Part I: The European Binomial Option Pricing Model

Write a Jupyter notebook named Part-One.ipynb to solve the following problems. You should import the options.py module in the first code cell of the notebook as follows: import options as opt

Problem 1

• (a) Complete the function european_binomial_pricer in the options.py module to implement the multiperiod European binomial option pricing model. This step is to be completed before you import the module into your notebook.
• (b) Verify that it works for both call and put options with n = 1 (i.e. a single period). Compare against a hand-written solution. Assume the following:
  • Let S₀ = $100
  • Let K = $105
  • Let r = 8%
  • Let T = 1 year
  • Let δ = 0.0 (i.e. no dividends)
  • Let σ = 20%
• (c) Verify that it works for both call and put options with n = 3. Compare against a hand-written solution. Use the same parameters as above in (b).
• (d) What happens if you set n = 200? Solve for both the call and put prices. DO NOT try to solve by hand! Again, use the parameter values from (b).

Problem 2

• (a) Use the functions included in options.py to price the call and put option from Problem 1 part (b) with the Black-Scholes option pricing model. See McDonald Chapter 12 for background on the Black-Scholes option pricing model.
• (b) Use the european_binomial_pricer function with the following values: n = 20,40,60,80,…,200 (i.e. increment by 20). Compare to the Black-Scholes prices obtained above. Make a table to report the results. What can you say about the European Bimomial model relative to the Black-Scholes model? Discuss the convergence of the European Bimomial to the Black-Scholes model.

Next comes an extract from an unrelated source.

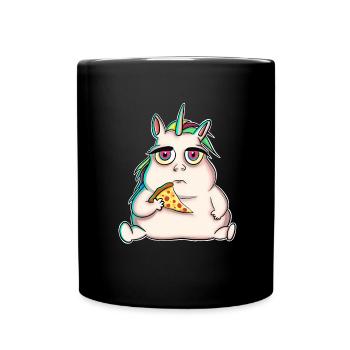 Unicorn Pizza - Full Colour Mug - black - Front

Part II: The American Binomial Option Pricing Model

Write a Jupyter notebook named PartTwo.ipynb to solve the following problems. You should import the options.py module in the first code cell of the notebook as follows: import options as opt

Problem 1

• Using the functions european_binomial_call and european_binomial_put as starting points, implement the functions american_binomial_call and american_binomial_put. These functions should solve the optimal stopping problem implicit in the American option pricing problem. Write your solutions in the options.py module. This step is to be completed before you import the module for the problems below.

Problem 2

• Set-up: Let S₀ = $100, K = $95, r = 8% (continuously compounded), σ = 30%, δ = 0, T = 1 year, and n = 3.
• (a) Verify that the binomial option price for an American call option is $18. Verify that there is never early exercise; hence a European call would have the same price. Compare your Python solution to a hand-written solution.
• (b) Show that the binomial option price for a European put option is $5. Verify that put-call parity is satisfied.
• (c) Verify that the price of an American put is $6.
• (d) Repeat each of the above for n = 200. How can you be sure there is never early exercise of the American call from part (a)? DO NOT attempt to solve this part by hand!

Problem 3

• Repeat the previous problem assuming that the stock pays a continuous dividend of 8% per year (continuously compounded).
• Calculate the prices of the American and European puts and calls.
• Which options are early-exercised? Explain your answer.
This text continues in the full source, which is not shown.